YOUR OBJECTIVE: Skip all pictures, then copy the lines from the start of the data through the line with "U.s Polo Assn.", keeping both ends.

COLLECTED DATA:
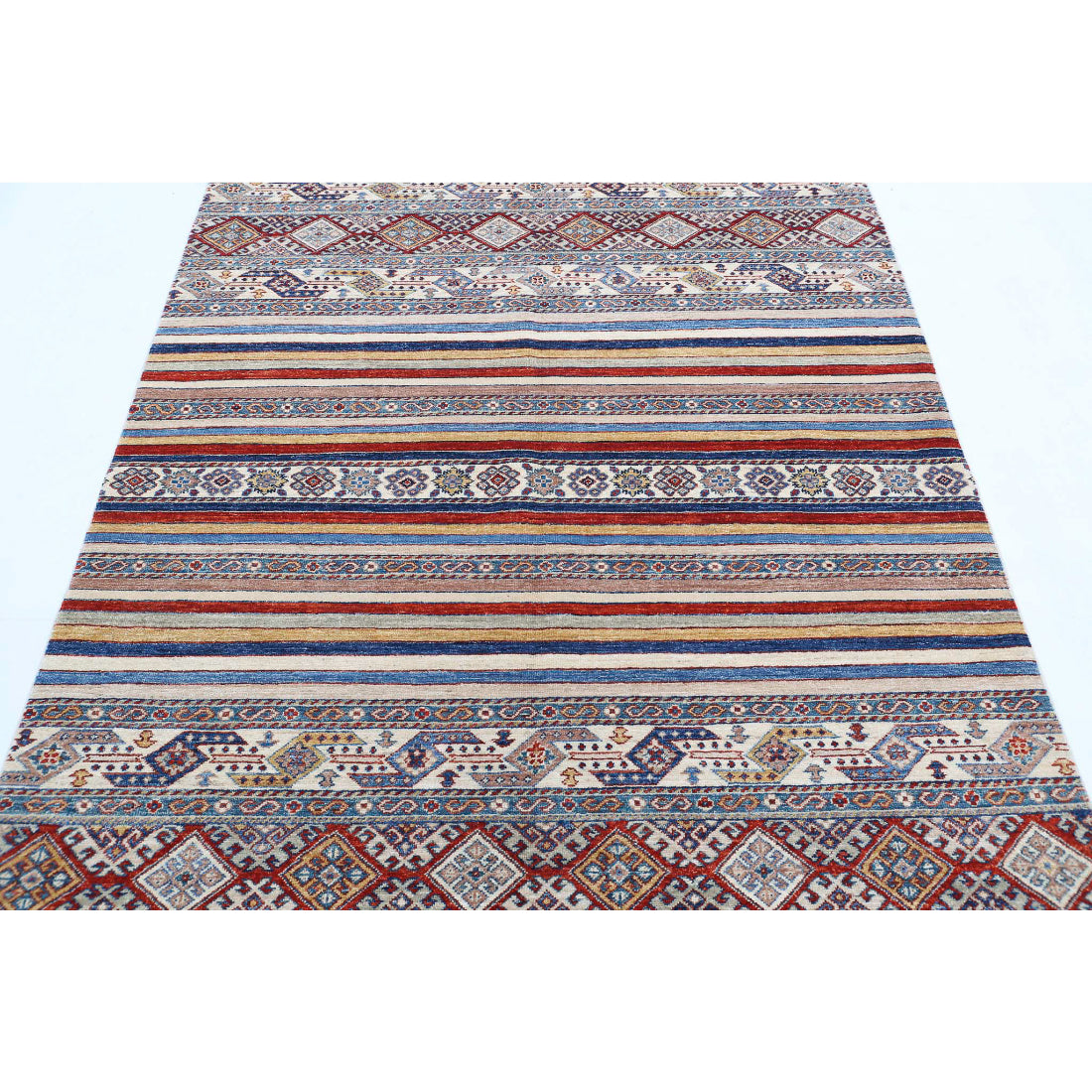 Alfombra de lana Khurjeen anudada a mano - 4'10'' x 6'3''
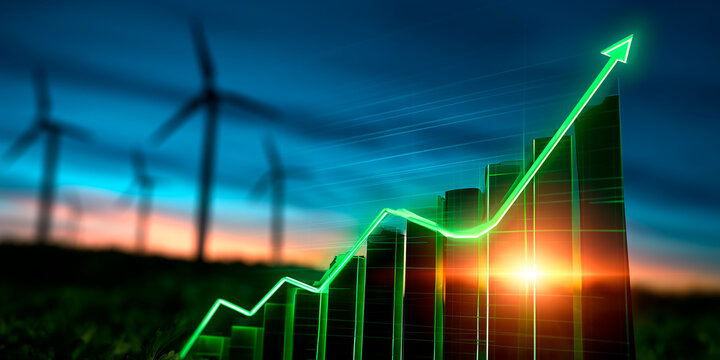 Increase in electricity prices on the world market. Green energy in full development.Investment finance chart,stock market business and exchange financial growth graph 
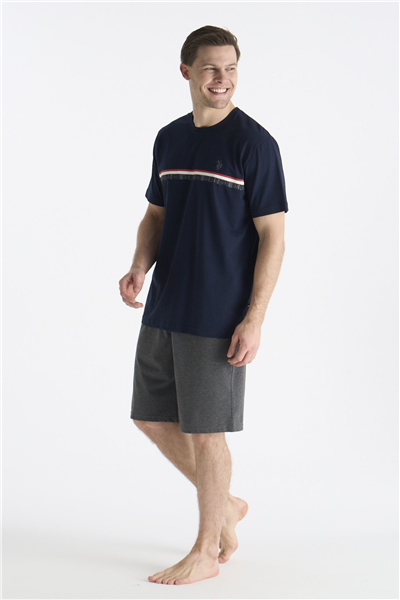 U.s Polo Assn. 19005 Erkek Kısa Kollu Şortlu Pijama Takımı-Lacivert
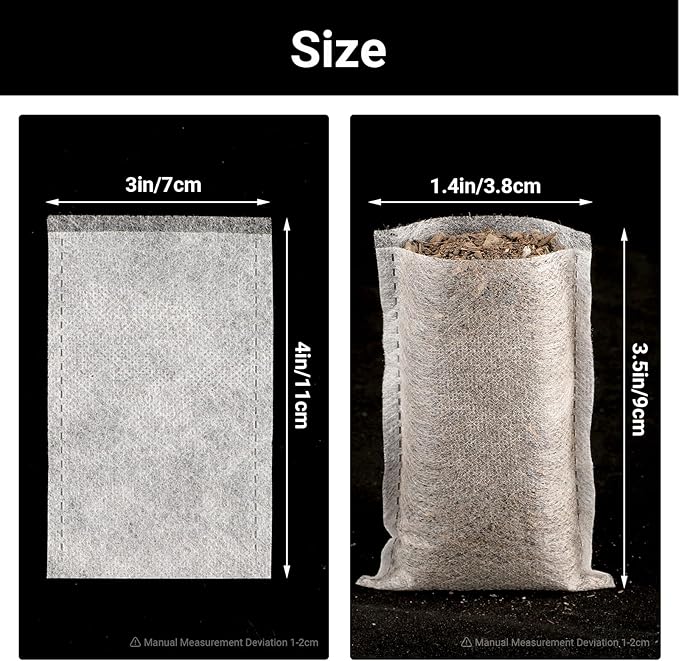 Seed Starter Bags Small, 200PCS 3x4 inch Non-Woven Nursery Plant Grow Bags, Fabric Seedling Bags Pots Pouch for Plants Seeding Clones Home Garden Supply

TASK SOLUTION:
 Alfombra de lana Khurjeen anudada a mano - 4'10'' x 6'3''
 Increase in electricity prices on the world market. Green energy in full development.Investment finance chart,stock market business and exchange financial growth graph 
 U.s Polo Assn. 19005 Erkek Kısa Kollu Şortlu Pijama Takımı-Lacivert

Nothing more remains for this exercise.